Numerous and varied fleets choosing biodiesel

By | June 01, 2005
Springtime is the season for growth, and this spring it's biodiesel use that is growing. Many diesel-powered fleets are choosing to switch to a new, cleaner-burning fuel in biodiesel. The following are just some of the fleets moving to the renewable fuel:

Approximately 100 of Fort Collins, Colo.'s city buses and other diesel-burning vehicles are using B20. Ken Mannon, operations services director, said this year the city will use approximately 80,000 gallons of biodiesel supplied by Blue Sun Biodiesel. Mannon said next year the entire city fleet of more than 400 vehicles will be converted to biodiesel.
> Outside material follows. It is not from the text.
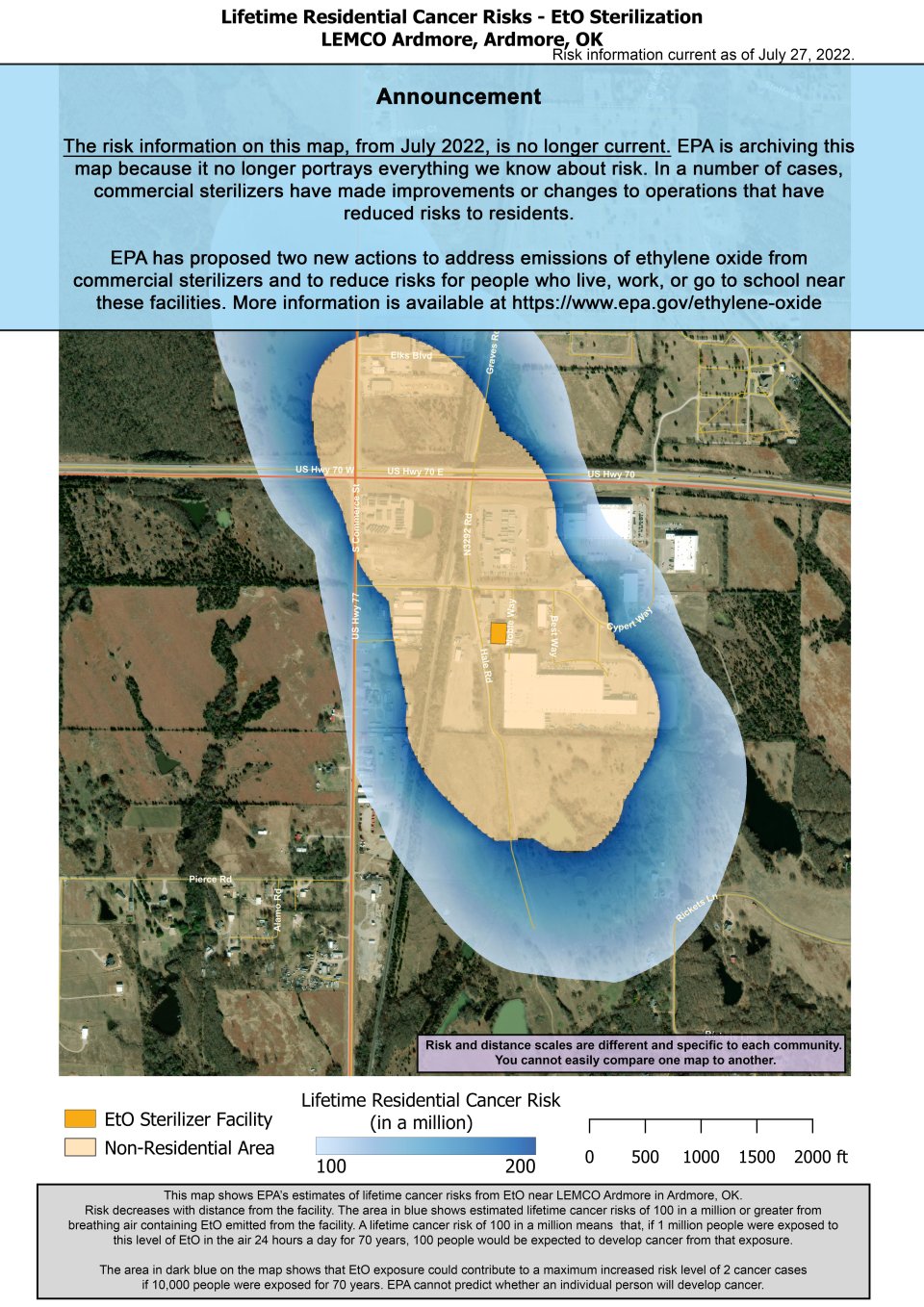 This map shows EPA’s estimate of lifetime cancer risks from breathing ethylene oxide near Lemco, 3204 Hale Rd Ardmore, OK 73401. Estimated cancer risk decreases with distance from the facility. Nearest the facility the estimated lifetime cancer risk is 200 in a million. Risk drops to 100 in a million and extends from near Elks Blvd (Nth) to Rickets Ln (Sth). The area extends to Cypert Way (East) and Rickets Ln (SE), Hwy 77 (SW) and extends to the tree line located NW of the intersection of Hwy 70 and Hwy 77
The Mountain Line in Missoula, Mont., started using B20 in its entire fleet of buses April 15, according to General Manager Steve Earle. The transportation service tested biodiesel for the last three years in paratransit buses. The 26 buses use approximately 10,000 gallons of fuel per month and travel about 650,000 miles per year while carrying 700,000 passengers.
A variety of six city vehicles in Moncton, New Brunswick, will be using B20 biodiesel in a pilot project that is expected to last into the winter.

Ian Wilson, president of Wilson Fuels in Halifax, Nova Scotia, is supplying the fuel. It is fish oil-based biodiesel produced as a byproduct by Ocean Nutrition Canada. Wilson said he sells approximately 1 million gallons of B100 annually. Nearby Halifax, Nova Scotia, uses the same fuel in its bus fleet.

Santa Monica, Calif., is using B20 in 80 of its heavy-duty vehicles and equipment as part of a pilot project. Rick Sikes, fleet operations manager, said if the switch to B20 goes well, city officials would consider using B100. The equipment is used to help maintain the city's beaches and streets.

The Illinois Clean School Bus Program is helping Chicago-area school districts make the switch to biodiesel. Earlier this year, the Chicago School Transit became the first school bus service in the Chicago Metropolitan Area to use soy-based biodiesel. Expected to follow the fleet are 14 other fleets owned and operated by Cook-Illinois Corp., which operates 1,400 buses in more than 15 Chicago area communities. Frankfort, Ill.-based BioEnergy Supply LLC is distributing the biodiesel.

The Illinois EPA awarded the Illini-Bluffs School District 327 funding to install seven diesel oxidation catalysts and fund 16 buses for biodiesel. The funding was also part of the Illinois Clean School Bus grants.

According to Susan Schooley of Western Economic Diversification Canada, biodiesel is being used in a wide variety of vehicles in six British Columbia municipalities. Vancouver, Richmond, Whistler, Delta, Burnaby and North Vancouver will use up to 80 million liters (21 million gallons) of biodiesel in the next five years. It's expected to be the largest biodiesel demonstration project in Canada.

Flint Energies, a Georgia-based rural electric membership cooperative, is now using B20 in its fleet of diesel-powered vehicles. Larry Pearce, vice president of fleet and materials management, instituted the program after testing biodiesel in a company pickup earlier this year. Approximately 69 vehicles in Warner Robins and Reynolds, Ga., use biodiesel purchased from Davis Oil Co. "We're pleased with it so far," Pearce said. "As far as performance, there has been no change. Pearce said environmental concerns and supporting the area farmers were reasons to use biodiesel. "We'd rather grow it than import it," he said, referring to the fuel. The vehicles range from trenchers, pickups and power line repair trucks to an 18-wheel tractor/trailer. Finding the fuel wasn't too much of a challenge, Pearce said. Vehicles in Macon, Ga., and nearby Rollins Air Force Base already use biodiesel and create a large demand.